Kiba ETL is an open-source data processing framework for Ruby, first published in 2015, and now available in v3.
Version 3 introduces 2 important changes, driven by what we’ve learned on the field implementing customers projects.
This post provides an in-depth explanation of those changes (with animated SVG to make things a bit more explicit!).
But first, what can Kiba ETL help you achieve?
In case you’re not familiar with it, Kiba ETL is being used in a wide variety of scenarios, including:
- Data integration (e.g. batch synchronization between 2 systems)
- Data aggregation pipelines (e.g. take multiple sources and build a well structured database, ready for querying)
- Construction/update of datawarehouses & OLAP-structured databases
- Business Intelligence reports
- Data consolidation reports (e.g. VAT reports based on bank accounts)

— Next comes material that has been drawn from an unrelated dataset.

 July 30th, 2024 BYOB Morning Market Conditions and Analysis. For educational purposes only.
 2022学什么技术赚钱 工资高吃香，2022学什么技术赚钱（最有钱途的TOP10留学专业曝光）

- Large data migrations (e.g. migrating from MySQL to Postgres).
You can learn more on those use-cases in my 40-minute Ruby Kaigi 2018 talk
Kiba OSS is supported/funded by LoGeek, and can be enhanced with Kiba Pro, which will be officially launched in the coming weeks (the first large iteration focuses on batch insert/upsert/lookups for SQL workloads, such as datawarehouses and data migrations).
Change #1 - “StreamingRunner” becomes the default
Situation in Kiba v1
The “runner” is the part of Kiba responsible for processing your pipeline declaration.
In Kiba v1, the Kiba runner takes each “data row” generated by your ETL source component, and passes it along to each transform, then finally to the destination (usually responsible for storing your data somewhere). It visually goes like this:
This works well for most cases, but has a couple of consequences.
Imagine you have created a Kiba source able to extract XML elements from a group of files on disk (with each file containing N elements that we’d want to extract as individual rows).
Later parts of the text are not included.